The label "analysis of variance" (ANOVA) brings together a series of techniques
to determine and measure the source of the variation in data. Specifically,
ANOVA procedures partition the total variation in a data set into its component parts.
ANOVA models come in many shapes and sizes, called designs.
The Extreme Optimization Numerical Libraries for .NET
support the three most common designs: one-way, one-way with repeated measures, and two-way
analysis of variance. However, the infrastructure is in place to handle designs
of any size and complexity.
All classes that implement ANOVA models inherit from a common base class,
AnovaModel,
which in turn inherits from
Model,
the base class of all statistical model classes.
In regression models, the dependent variable is a linear function
of the independent variables. In an ANOVA design, the independent variables
are categorical. The contribution of each individual combination of values
of the independent variables must be estimated separately. Some dependencies exist,
so the actual number of parameters is smaller than the number of combinations.
Depending on the design, some combinations may be excluded from the model,
further decreasing the number of parameters.
The set of all possible values of a categorical variable is called
a factor. The possible values are called
the levels of the factor. The purpose of an ANOVA analysis
is to investigate the contribution of each level of each factor,
and/or combinations thereof to the total variation of the data.

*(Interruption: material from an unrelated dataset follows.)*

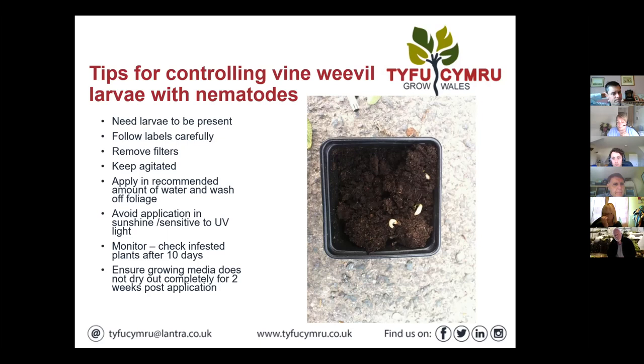Have you got many people using nematodes little and often? I wouldn't say little and often — they do use them. I think they are a very effective means of controlling. People need to realise you need the larvae to be present — some people mistakenly use them preventatively but you actually need the larvae to be there. I think the little-and-often system certainly has some scope as it may be easier for growers to use and therefore increase the uptake of nematodes.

So even though the model is initially defined in terms of the dependent
and independent variables, the actual calculations are performed
using the factors rather than the independent variables they are associated with.
The GetFactor
method of the AnovaModel
class returns the IIndex
of the variable at the specified position. An overload allows you to
retrieve the factor associated with an independent variable through the variable's name.
The first step in performing an analysis of variance is to divide the data set
into groups of rows with the same values for the factors. The data that is
associated with a particular combination of factor levels is called a
cell.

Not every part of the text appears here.